深く考えるのをやめてベッドから飛び出す。
「お兄ちゃん!お兄ちゃん!」
「どうした?朝からうるさいなぁ。」
朝からとは言うがもう11時だよ。君、寝過ぎだよ。私もだけどてへっ。
「お兄ちゃん!今日は2人でピクニックしようって約束したでしょ!サンドイッチとフルーツポンチ作ろ!」
「分かってるよ。フルーツは昨日作っておいたろ?」
「あれ?そうだっけ?」
山で遭難した日から少し休みなさいと神父さんに言われ1週間丸ごとお休みをもらう事になり、心配性のルークは私の体調を気遣って自分も仕事を1週間休んでいる。今日は休み3日目。数日、眠らずに夜通し看病という名の監視をしていたので珍しくルークも寝坊している。
「そうだよ。アップルシードルもちゃんと冷やしてあるから。とりあえずテラスでピクニックの準備をしてきてくれ。」
ピクニックと言いながらお酒入りのフルーツポンチとサンドイッチを嗜むだけなのが大人っぽい。大人のピクニック。ルークがチーズと生ハムとトマト、ルッコラ、レタスのサラダも作ってくれて見た目も綺麗でテンションが上がる。サラダをつまみながら昨日、アンネさんからもらった白ぶどうのワインをいただくと決めている。
「じゃあお兄ちゃんも早く来てね!」
「ああ。」
ルークに言われた通りにテラスの白樺の木の机に真っ白のテーブルクロスを敷きその上に黄色と白のギンガムチェックのランチョンマットを敷いてその上にワイングラスやナイフとフォークを置いていく。真ん中に茹でたとうもろこしも置く。
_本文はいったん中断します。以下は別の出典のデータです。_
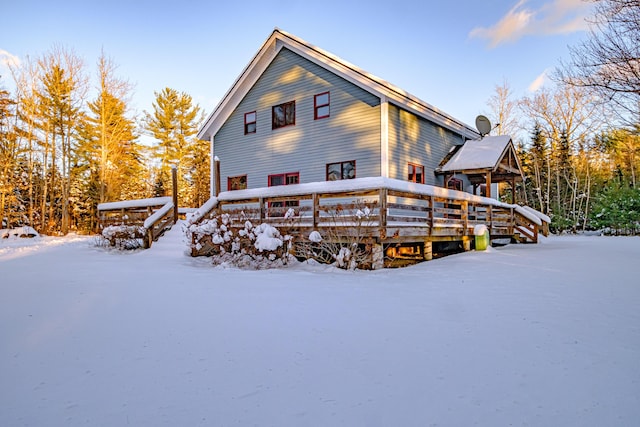 view of snow covered rear of property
「いい天気!ちょっと暑いけどテラスは屋根もあって日陰になるし最高だなー。」
思い切り伸びをして深呼吸をする。電気もガスもないこの世界の空気は美味しい気がする。
「さあ、準備ができたよ。料理を運ぶのを手伝って。」
「はーい!」
ルークの作る料理はいつも美味しいが外で食べるとまた趣があってたくさん食べてしまった。たまにめまいや頭痛が起こるが頻繁ではなくなったし体も丈夫になってきた。
「お兄ちゃん、料理美味しかったありがとう。」
「ああ、体調は良くなった?」
「最初から悪くなってないよ。デイビッドさんがとても気遣ってくれたからね。」
「分かってるよ。でも貴方は無理をするでしょう。辛い事を隠したりするし。」
「しません。お兄ちゃん私は変わったの。多分1度死んだからかもしれない。記憶を失って全てを初めからやり直すと決めた。心配させない為に嘘をついて黙って隠しておくのが良い選択だとは思えない。」
「お嬢様、そうですか…俺はその方が良いです。信頼してもらえているみたいで俺は嬉しいです。」
「お兄ちゃんいつもありがとうね。大好きよ。」
「ありがとう、俺もだ。」
初めてルークとハグをした。毎回感じるが思ったよりもしっかりしていて温かい。ルークに伝わっている分からないけど私は本当のお兄ちゃんみたいに思っている。家族として信頼し好きだと思っている。気持ちが伝われば良いなと思ってルークの胸に頬を擦り付けた。
「子供みたいだね。」
「ふふっお兄ちゃんの前でだけね。」
「しょうがないなぁ。よしよし。」
ルークが優しい表情で甘やかすように頭を撫でてくれた。よかった私の気持ちは通じているようだ。
「お姉ちゃーーん!」
子供の叫び声にそっとルークと離れた。
「誰か来たな、シャロン。」
「ええ、行きましょう。」
「ああ。いやクッキーを焼く準備をするよ。きっと教会の子供たちだろう。」
「ありがとうお兄ちゃん。」
私はルークと離れて門の方へ向かった。